How To: Convert from Early Binding to Late Binding

Why Convert from Early Binding to Late Binding 

I have found that developing using Early Binding is quicker than using Late Binding, mainly because I depend on Intellisense to prompt me..

I have also found that when I distribute with Early Binding  there can be problems because I have a client who was ahead of me in releases of MS-Office, i.e. they had 2013 while my company was still using 2010. Each copied is configured for the user: Directory structures for referencing  files and auxiliary programs are in a supporting worksheet.  That all worked well when I moved it up, but not when I moved it back to me.

Some reading indicates that Early Bound project files are larger than late bound.  I have not confirmed this, but I'll take them at their word.  They're more experienced than I.

Refreshers: Binding, Early and Late Binding

A VBA project is developed using a host Object Library, e.g. MS-Excel. Binding is tying to that host Object Library a "foreign" Object Library (e.g. for MS-Word) in order to use its features and manipulate files that are native to the foreign environment.

With Early Binding, the foreign, or "hosted", Object Library is selected using the Tools...References dialogue in the Virtual Basic Environment (VBE).  This makes the hosted Object Library available for Intellisense and at compile time.

When Late Binding is used the hosted Object Library is unchecked in the Tools...References dialogue.  The project is made aware of the foreign Object Library as the VBA code is executed, i.e. at run time.

See also:


Conversion Steps

Converting from Early to Late Binding is more tedious than hard.

  1. Remove the Reference to the hosted Object Library.
    That was the easy part.
    Now comes the tedious part.
  2. Change data types in declarations for hosted Object Library objects to "as Object".  
  3. Compile to identify any declarations that were not changed to "as Object".
  4. If there were any compiler errors, return to Step 2.
  5. Once compilation completes without errors, run the code.  This will 

Remove the Reference to the hosted Object Library

Basically, this reverses the How to Early Bind A Foreign Application section of  How To: Early Bind.
  1. Access the Visual Basic Environment (VBE) 
  2. Click on the Tools menu and select References
    Opening the References dialogue
  3. Uncheck the Object Library to remove, in this case "Microsoft Word 14.0 Object Library"
    References List with Hosted Object Library
  4. Click OK then save the file

Change Data Types to "as Object"

This is the part that can be tedious.
  1. For each module, scan for Dim, Public, and Global declarations of object variables.
  2. Identify whether each is a native or foreign Data Type, e.g. "as Document" in an Excel project would be foreign whereas "as Workbook" or "as Worksheet" would be native.
  3. Change to "as Object"
    NOTE:  Be aware that some Object Type-names occur in multiple Object Libraries.  For example, "Range" is used in both the Word and Excel Object Libraries but they have different Methods and Properties.
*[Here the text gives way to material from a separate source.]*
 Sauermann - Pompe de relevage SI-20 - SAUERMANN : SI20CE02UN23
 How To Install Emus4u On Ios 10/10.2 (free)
How to make Early-to-Late Binding Easier

Use Find/Replace

In Step 2 of Change Data Types to "as Object", once a declaration of a foreign Object is found, 
  1. Highlight the "as <object>" portion of the declaration 
  2. Click Ctl-F to show the Find/Replace dialogue
  3. Click the Replace button
  4. Type "as object" in the Replace With: text box
  5. Choose whether to perform the action in the Current Procedure. Current Module, or Current Project.
  6. Click the "Replace" or "Replace All" button, depending on confidence that the phrase "As Documents" does not appear elsewhere and in a context where it should not be changed, e.g. in comments.

Module Design

With VBA I have found that I have a pretty wide latitude in what is included in "normal" Modules, i.e. non-Class Modules that are not linked to an object like a Workbook or Userform.   

One criteria I use is "Do these Subs and Function perform together?"  Therefore, I have modules specific to a portion of the users process.  

Another module scoping criteria I use is "Are these Subs and Functions common across the process?"  For example, Subs for opening files are in one module and  functions for validating files are grouped together.  

That leads to a criteria of "Do these Subs and Functions deal with a foreign Object Library?"  In short, put all Subs and Functions that would declare Early Bound objects from one foreign Object Library into the minimum number of modules that is feeasible.

Module Naming

As simple as this sounds, modules should have meaningful names that convey to the programmer was is in inside.  Projects with default names like  "Module1", "Module2" etc is something I've seen and the programmer comes off with an "Of course!  It's Module37...or something like that."

In short, tag modules affected by binding with something like "_WORD" at the end if their names. 

Incremental Transition

Contrary to what may be inferred above, Late Binding code does work while the foreign Object Library is bound to the host.  Therefore, if there is a module of the project that needs the bound foreign Object Library that has been completed, it is possible to 
  1. Unbind the foreign Object Library using the Tools-References dialogue
  2. Change to the "as Object" declarations.
  3. Compile and run to test.
  4. Rebind  the foreign Object Library using the Tools-References dialogue.
  5. Continue development in Early Bound mode.